→ Your objective
When you reach the line with "面包|家人迷上了这个早餐包，松软的外皮包裹着浓香的馅料，太美味了" in the listing below, write out that line and every one after it exactly, and skip the pictures.

→ Provided data
....
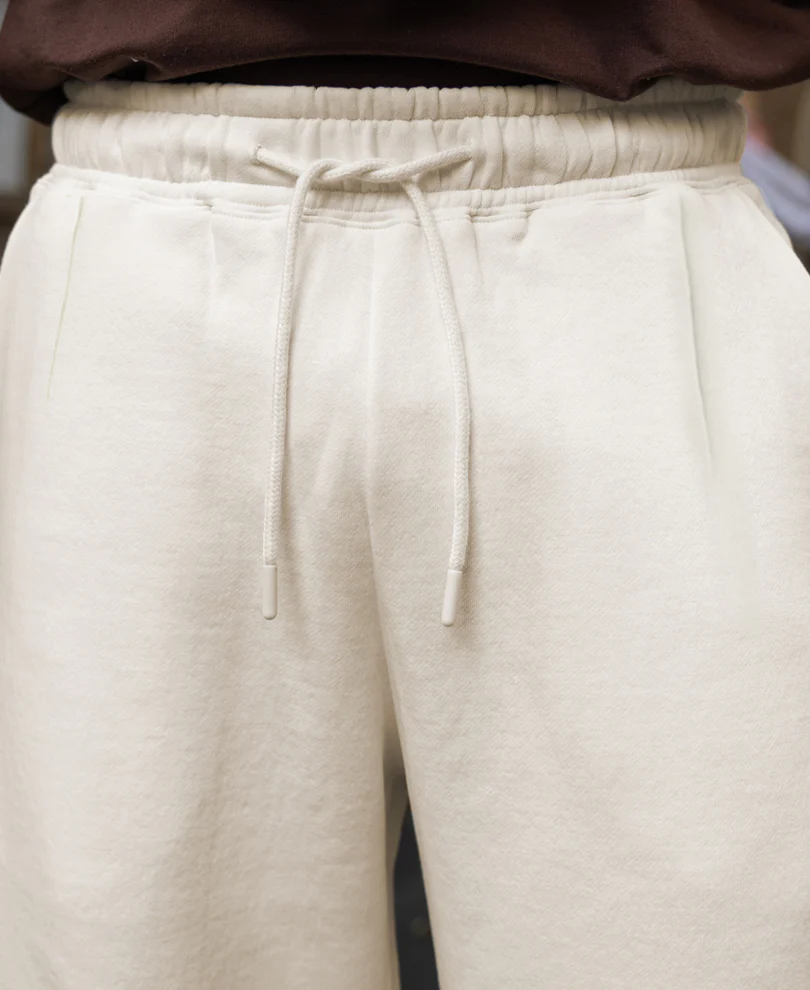 Cream Baggy Trackpant - Image 4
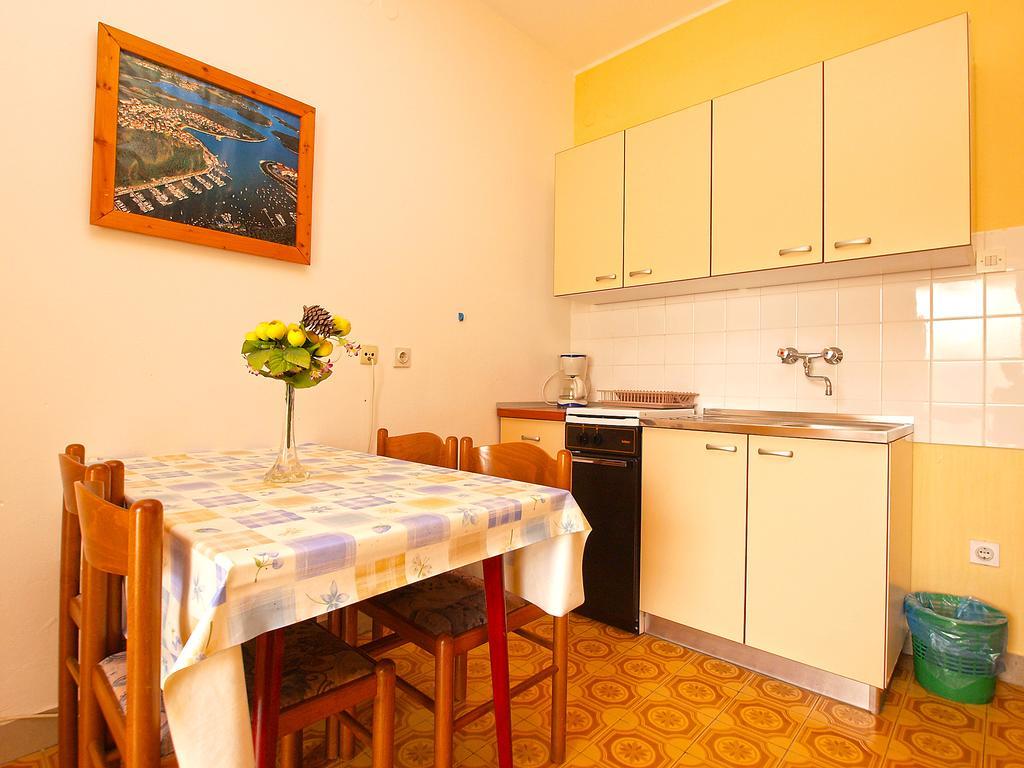Apartments Biskupije 810 梅杜林 外观 照片
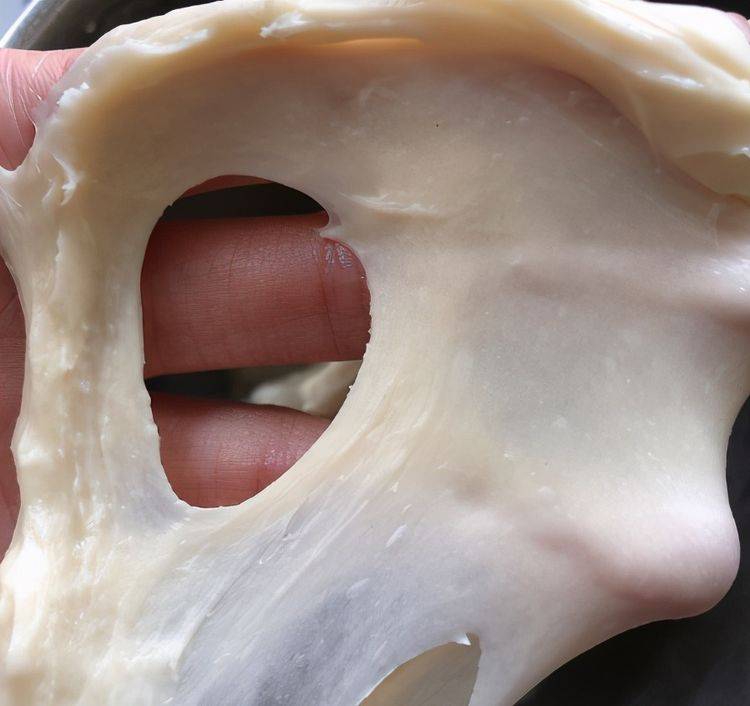 面包|家人迷上了这个早餐包，松软的外皮包裹着浓香的馅料，太美味了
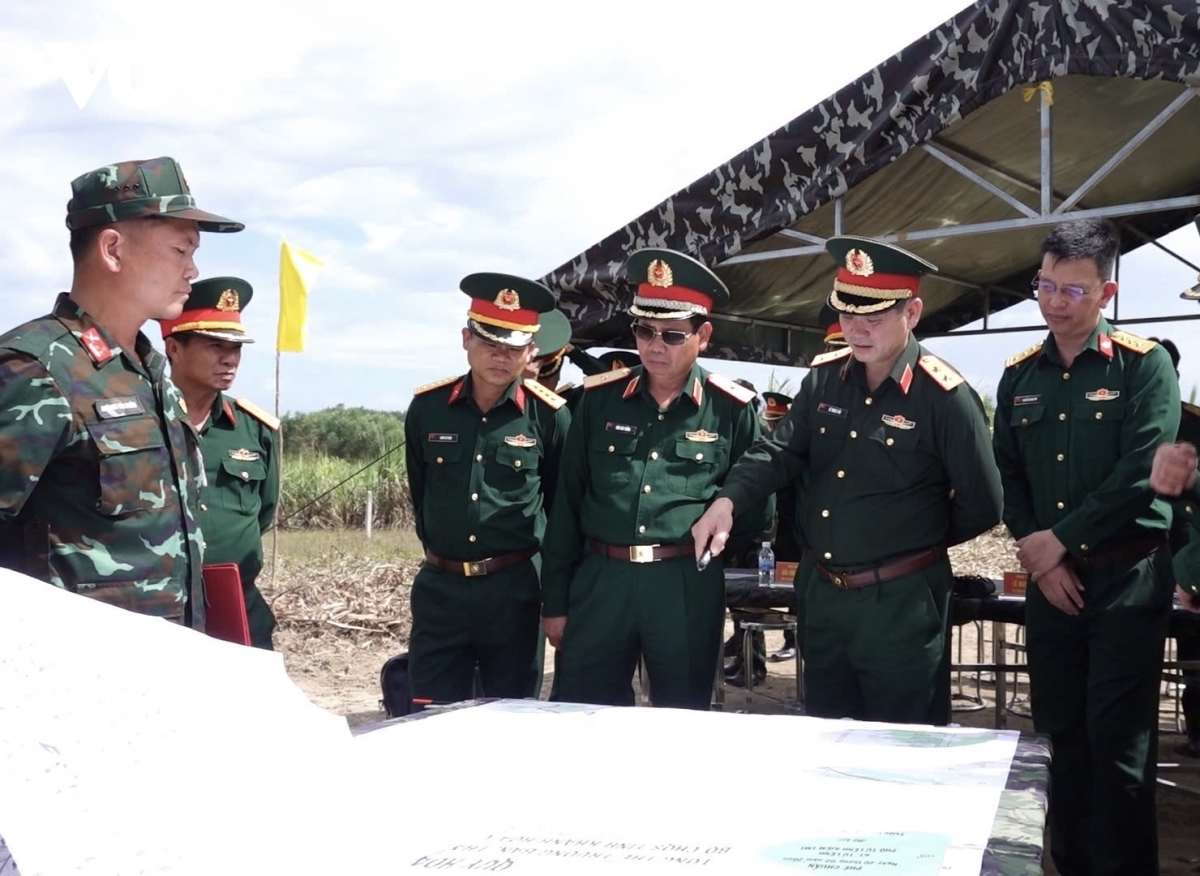 Tư lệnh Quân khu 5 kiểm tra công tác xây dựng các công trình quân sự tại Khánh Hoà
....
→ Completed exercise
 面包|家人迷上了这个早餐包，松软的外皮包裹着浓香的馅料，太美味了
 Tư lệnh Quân khu 5 kiểm tra công tác xây dựng các công trình quân sự tại Khánh Hoà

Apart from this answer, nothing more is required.